**YOUR INSTRUCTIONS:**
Find the word "Italia" in the listing; pull out each line holding it.

**DATA FOR PROCESSING:**
:::
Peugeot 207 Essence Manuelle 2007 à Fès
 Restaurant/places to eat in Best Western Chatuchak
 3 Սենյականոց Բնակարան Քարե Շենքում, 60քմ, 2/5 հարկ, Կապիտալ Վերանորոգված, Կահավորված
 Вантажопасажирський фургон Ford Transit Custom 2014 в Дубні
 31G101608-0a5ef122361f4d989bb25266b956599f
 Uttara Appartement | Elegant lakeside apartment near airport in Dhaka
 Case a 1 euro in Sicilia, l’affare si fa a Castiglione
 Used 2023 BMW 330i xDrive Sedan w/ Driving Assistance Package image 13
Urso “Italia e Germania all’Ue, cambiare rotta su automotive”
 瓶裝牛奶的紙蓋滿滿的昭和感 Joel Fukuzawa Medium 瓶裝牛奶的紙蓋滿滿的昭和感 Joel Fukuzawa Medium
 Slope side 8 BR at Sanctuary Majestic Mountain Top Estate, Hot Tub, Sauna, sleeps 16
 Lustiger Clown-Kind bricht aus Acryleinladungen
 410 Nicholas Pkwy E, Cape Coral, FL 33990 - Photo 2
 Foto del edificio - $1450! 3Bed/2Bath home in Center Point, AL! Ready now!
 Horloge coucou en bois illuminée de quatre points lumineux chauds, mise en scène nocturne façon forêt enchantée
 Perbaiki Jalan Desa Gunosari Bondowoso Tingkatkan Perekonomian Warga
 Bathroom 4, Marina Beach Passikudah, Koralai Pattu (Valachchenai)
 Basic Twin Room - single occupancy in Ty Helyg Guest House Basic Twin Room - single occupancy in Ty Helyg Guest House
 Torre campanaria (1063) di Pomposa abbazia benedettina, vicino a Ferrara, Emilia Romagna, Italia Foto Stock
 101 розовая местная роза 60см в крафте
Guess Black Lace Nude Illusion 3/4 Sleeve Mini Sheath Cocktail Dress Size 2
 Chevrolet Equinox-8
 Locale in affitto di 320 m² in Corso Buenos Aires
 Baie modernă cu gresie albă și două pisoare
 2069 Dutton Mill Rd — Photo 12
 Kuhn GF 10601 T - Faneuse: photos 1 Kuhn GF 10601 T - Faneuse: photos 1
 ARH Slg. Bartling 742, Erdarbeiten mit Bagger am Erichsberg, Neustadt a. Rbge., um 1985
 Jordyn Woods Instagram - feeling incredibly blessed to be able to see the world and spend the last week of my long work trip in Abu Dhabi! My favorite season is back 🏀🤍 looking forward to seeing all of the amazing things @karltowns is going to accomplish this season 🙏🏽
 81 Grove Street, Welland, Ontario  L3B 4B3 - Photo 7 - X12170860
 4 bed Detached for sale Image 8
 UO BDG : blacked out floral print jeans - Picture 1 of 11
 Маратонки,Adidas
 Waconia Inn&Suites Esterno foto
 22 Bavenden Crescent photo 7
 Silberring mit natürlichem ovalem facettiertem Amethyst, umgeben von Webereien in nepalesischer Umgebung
:::
**OUTPUT OF THE EXERCISE:**
Urso “Italia e Germania all’Ue, cambiare rotta su automotive”
 Torre campanaria (1063) di Pomposa abbazia benedettina, vicino a Ferrara, Emilia Romagna, Italia Foto Stock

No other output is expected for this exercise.